MILLER: I was lucky to sign with the third agent I queried. But I discovered it was a lot more difficult than that. I wrote a total of four books and had 167 rejections before being published, including 41 rejections for THE LAST FAMILY. Using suggestions editors had made, I rewrote the first book . When I did that, my agent sent it to ten other editors who wanted to see it again. Beverly bought it. The book was published in 12 Languages and was a Literary Guild main selection.
It's important to have a good agent. I lucked out in that department An author friend of mine met Anne Hawkins at a conference. He mentioned me to her, told her I was in need of an agent, and told me to contact her. She read THE LAST FAMILY, and I sent her what I was working on. She agreed to take me as a client.
AUTHORLINK: How many rejections did you have for INSIDE OUT?

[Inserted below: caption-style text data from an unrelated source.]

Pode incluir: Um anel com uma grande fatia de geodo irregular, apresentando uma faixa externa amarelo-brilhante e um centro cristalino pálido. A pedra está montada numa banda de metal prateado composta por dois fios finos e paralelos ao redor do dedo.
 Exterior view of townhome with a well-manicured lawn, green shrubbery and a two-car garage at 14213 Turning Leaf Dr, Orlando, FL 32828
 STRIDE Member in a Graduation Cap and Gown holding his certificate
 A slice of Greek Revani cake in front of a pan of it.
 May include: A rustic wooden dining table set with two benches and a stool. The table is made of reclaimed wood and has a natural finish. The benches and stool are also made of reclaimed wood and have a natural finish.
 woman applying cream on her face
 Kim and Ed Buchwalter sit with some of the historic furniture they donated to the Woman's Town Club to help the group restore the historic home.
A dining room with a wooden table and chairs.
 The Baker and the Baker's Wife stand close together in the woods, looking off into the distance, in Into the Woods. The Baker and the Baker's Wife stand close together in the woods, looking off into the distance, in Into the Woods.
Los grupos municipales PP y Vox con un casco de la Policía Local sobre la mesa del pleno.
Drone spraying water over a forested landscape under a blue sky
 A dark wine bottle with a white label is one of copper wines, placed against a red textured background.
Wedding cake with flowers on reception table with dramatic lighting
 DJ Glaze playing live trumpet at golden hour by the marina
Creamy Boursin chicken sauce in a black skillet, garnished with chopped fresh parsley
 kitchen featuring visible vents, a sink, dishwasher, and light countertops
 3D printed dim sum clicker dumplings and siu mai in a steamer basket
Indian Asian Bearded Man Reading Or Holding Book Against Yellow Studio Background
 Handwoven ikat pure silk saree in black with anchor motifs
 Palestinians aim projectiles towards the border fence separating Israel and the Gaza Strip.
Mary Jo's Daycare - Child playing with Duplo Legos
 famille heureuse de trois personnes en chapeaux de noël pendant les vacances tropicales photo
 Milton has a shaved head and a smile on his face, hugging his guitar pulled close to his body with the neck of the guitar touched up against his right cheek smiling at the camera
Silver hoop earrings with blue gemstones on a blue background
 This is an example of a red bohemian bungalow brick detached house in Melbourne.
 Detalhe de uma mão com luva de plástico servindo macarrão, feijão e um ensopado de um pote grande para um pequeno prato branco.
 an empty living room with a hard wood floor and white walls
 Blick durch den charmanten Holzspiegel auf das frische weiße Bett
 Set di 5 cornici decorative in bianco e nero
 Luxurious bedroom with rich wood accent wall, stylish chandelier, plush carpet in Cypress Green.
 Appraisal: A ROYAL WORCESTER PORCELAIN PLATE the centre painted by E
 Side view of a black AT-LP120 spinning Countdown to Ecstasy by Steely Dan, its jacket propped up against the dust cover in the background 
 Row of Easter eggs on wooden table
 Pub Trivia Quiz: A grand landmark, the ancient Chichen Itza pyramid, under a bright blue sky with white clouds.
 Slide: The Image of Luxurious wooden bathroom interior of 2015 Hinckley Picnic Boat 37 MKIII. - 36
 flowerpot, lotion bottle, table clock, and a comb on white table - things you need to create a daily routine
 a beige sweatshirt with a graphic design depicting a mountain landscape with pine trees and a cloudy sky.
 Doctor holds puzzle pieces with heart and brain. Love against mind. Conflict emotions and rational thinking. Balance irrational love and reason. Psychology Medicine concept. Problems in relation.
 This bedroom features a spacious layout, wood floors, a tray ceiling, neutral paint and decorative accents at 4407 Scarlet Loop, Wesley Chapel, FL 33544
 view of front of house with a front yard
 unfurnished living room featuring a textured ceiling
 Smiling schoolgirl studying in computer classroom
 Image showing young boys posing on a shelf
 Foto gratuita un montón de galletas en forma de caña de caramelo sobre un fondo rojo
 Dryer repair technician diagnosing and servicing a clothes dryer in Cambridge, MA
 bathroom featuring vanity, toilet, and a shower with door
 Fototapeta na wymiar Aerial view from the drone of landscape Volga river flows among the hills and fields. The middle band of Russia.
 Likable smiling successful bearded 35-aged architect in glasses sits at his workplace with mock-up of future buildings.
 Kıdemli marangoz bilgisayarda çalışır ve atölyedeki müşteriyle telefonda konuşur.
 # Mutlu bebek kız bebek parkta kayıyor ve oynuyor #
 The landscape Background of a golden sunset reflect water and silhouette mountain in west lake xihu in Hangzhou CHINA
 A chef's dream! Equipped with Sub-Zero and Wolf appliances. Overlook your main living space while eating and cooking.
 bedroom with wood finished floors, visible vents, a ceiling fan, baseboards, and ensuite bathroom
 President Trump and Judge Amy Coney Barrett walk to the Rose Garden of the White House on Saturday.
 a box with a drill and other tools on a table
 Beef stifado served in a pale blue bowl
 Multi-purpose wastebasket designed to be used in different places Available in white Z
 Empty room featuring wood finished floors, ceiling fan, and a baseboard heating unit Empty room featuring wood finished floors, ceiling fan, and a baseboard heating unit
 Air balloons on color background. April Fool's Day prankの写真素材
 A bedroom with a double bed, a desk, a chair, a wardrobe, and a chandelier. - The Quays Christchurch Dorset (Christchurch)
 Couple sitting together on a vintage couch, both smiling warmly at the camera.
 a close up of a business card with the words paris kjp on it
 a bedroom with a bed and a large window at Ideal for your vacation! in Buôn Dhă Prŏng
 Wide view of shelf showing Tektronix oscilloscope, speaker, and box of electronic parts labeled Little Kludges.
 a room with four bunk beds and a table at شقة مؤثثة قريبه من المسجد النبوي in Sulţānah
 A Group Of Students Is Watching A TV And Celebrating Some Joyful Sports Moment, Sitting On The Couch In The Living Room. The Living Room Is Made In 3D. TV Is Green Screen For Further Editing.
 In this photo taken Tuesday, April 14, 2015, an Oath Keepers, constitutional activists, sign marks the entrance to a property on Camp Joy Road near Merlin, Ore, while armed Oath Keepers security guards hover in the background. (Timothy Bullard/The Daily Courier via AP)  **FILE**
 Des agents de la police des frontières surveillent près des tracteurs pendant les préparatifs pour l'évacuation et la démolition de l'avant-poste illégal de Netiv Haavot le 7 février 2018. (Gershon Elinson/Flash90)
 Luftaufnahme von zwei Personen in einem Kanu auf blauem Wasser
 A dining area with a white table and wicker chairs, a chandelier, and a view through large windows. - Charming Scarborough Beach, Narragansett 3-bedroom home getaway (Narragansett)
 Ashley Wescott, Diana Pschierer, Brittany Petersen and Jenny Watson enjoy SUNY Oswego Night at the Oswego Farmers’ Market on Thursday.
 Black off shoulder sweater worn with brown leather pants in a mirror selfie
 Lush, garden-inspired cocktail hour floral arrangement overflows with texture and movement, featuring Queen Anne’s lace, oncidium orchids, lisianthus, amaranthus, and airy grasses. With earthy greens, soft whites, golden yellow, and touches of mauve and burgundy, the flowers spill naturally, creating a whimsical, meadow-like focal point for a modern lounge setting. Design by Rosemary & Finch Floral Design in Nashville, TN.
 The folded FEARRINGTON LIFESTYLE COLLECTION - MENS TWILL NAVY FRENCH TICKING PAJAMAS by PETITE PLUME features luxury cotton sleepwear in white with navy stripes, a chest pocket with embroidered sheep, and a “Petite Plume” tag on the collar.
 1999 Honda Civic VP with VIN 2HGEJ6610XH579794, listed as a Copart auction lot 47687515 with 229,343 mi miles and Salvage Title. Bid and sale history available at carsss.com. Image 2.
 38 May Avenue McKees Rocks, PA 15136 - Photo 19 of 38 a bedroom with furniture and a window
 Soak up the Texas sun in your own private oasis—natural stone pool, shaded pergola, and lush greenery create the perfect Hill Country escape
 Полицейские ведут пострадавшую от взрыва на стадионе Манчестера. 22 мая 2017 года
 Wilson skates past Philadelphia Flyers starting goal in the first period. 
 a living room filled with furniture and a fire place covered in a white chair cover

MILLER: In its original form, I had seven or eight pleasant rejections. Later, when Anne sent it out, I had two editors interested and the others said it wasn't right for their list. For a variety of reasons, I decided to go with Kate at Bantam. First off it was the one house that felt like a home to me. They had dropped me and I wanted to prove I could produce consistent work for them, and because I knew Kate's reputation for being demanding and for getting the best out of authors, and the fact that she wanted to work with me because she saw something there worth the effort–it was a no-brainer.
AUTHORLINK: How long have you been writing?
MILLER: I wrote for my high school newspaper and majored in photojournalism in college. My mother was a history professor. She wrote two nonfiction books and taught history, so I was exposed at a young age.
I began writing fiction in 1991. From 1986 to 1989 I wrote advertising copy, then went to Miami and did features for Tropic Magazine, the Miami Herald's Sunday magazine . I wrote a nonfiction book about censorship and one about the obscenity trial of Two Live Crew. And I sold a screenplay that was never produced. But I wanted to write novels. I wrote four books in four years and got good responses. They were thrillers, but I had included a lot of humor.
AUTHORLINK: What are your writing habits?
MILLER: I get up at dawn, drink coffee, and see what has happened in world, then work until noon. or 2 p.m. For the rest of the day I read or spend time with my family. Life takes up all of my spare time.
AUTHORLINK: Are there more Winter Massey books ont he way?
MILLER: I am working on a book which features characters from the other Winter Massey books. When I am finished with that one, I may write more Winter Massey books. And I am also contracted to write a sequel to THE LAST FAMILY.
AUTHORLINK: Has there ever been a time when you thought about quitting?
MILLER: No. I never thought I would give up. Most published authors will tell you that, aside from talent, persistence is the common denominator among published authors. I knew where my work stacked up to other published authors, and I knew I could do it. I never had any doubts about my writing, though I did have doubts about getting published. The market has always been tough, even in Faulkner's time.The steps leading to having a book published by a legitimate house are a weeding out process. The people who keep hitting the wall will eventually break it down. It's a matter of finding the right editor at the right time.